In Philly, Noailles met Omer de Talon. Talon had been an advisor to King Louis XVI and served as Chief Justice of France’s Criminal Court, a job that made him pretty unpopular with Jacobin rebels. After a few prison terms, Talon escaped France by hiding in a wooden cask stowed at the bottom of an American ship.

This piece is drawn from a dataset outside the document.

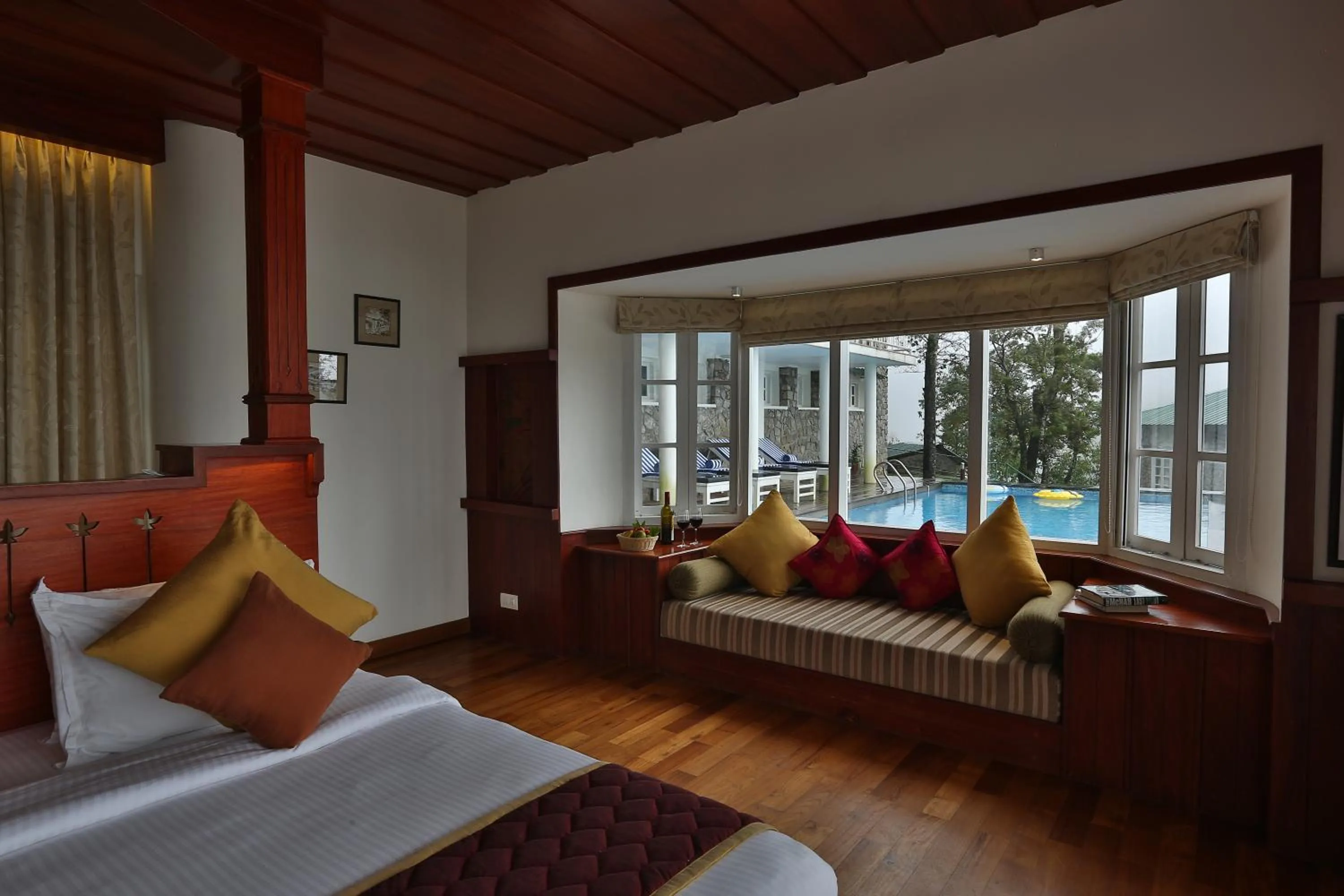 Bed in SpiceTree Munnar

When the two met in Philadelphia, they immediately began bouncing around the idea of starting a haven for other exiles. They met with a trio of shrewd American businessmen, who accepted the well-to-do refugees with open arms (partly because they knew they could make an easy penny). When the trio heard their idea, they bit at the chance to make it happen. The three men floated up the Susquehanna and found an isolated, but fertile, patch of land. Noailles and Talon loved it, and they naively bought it at an absurdly over-inflated price. After sketching the plans for France’s newest court, they started building.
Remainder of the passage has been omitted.